I have a feeling that I am being shortchanged on my pills. I had a script for two hundred Zovirax and the pharmacy was running low, so it gave me fifty on Friday and I had to pick up the rest on Monday, but on Monday the delivery hadn’t come, so the pharmacy gave me another fifty and I picked up one hundred the following day. This didn’t involve two extra trips because the first day I was also picking up Mycostatin for my yeast infection, a delicious yogurt-smooth liquid in suspension, which means if I take it to work, chances are it will mess up my backpack. I prefer pills and IV solutions. And on Tuesday I was picking up Flagyl because I still have the runs and I may have
Giardia.
So I went and counted one of the fifty-pill bottles and I only got forty-eight, and I have no idea if this was because I miscounted or because I had already taken a dose of two or if the pharmacist was cheating me. Well, cheating my insurance company, although I do have to pay $7.50 for every prescription, and that means four pills are worth fifteen cents, which might buy a single banana on the street in certain neighborhoods, and of course it means I would have to go to the pharmacy more often, but in fact I’m going so frequently anyway that one more prescription would merely mean I could consolidate my visits.
The pills are a scythe in my belly, a dagger to my heart.
There is a thin metallic taste on everything I ingest.
After a few days of Flagyl, I begin to think I’m losing it. I can no longer shit. Period. Bile is accumulating. It has to have some method of egress. My stomach continues gurgling like a just-opened bottle of Canada Dry ginger ale, my stomach continues roiling like some wide Sargasso Sea. The anal orifice is completely blocked for the time being. Hence, I am left with only one alternative.
To my surprise, suddenly, belief in a higher power returns as I soundlessly retch on hands and knees into the toilet. I realize I am in the bargaining phase of diarrhea. “Please please please let me get better,” I plead to some invisible deity or force of logic. “Just let me get better. I promise never to eat anything more complex than bananas or applesauce. Just please let me get better.” Rational thought decrees that in order to bargain, a higher power must exist with which to bargain. Perhaps all religions are predicated on bargaining and rational thought. Then I remember: I am an atheist. It is all futile. There is no God. If there was, He died in the first reel, and I have a feeling we’re rapidly approaching the Act Two finale.

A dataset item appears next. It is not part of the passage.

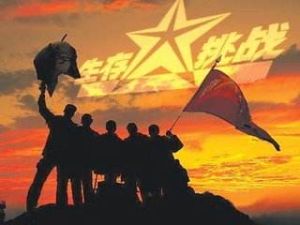 《生存大挑戰》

Could this be the day? I sit on the toilet and imagine myself surrounded by fans, waiting in anticipation. Good or bad? Loose or solid? Aqueous or corklike? Floater or sinker? The buzzer will go off if this specimen fails the rigid criteria and exacting standards of the panel of experts who sit in judgment. I’m a contestant on “Jeopardy!” who has bet everything on that final category, deduced the correct answer, but forgotten to formulate it as a question. I’m approaching an emotional epiphany through the process of elimination.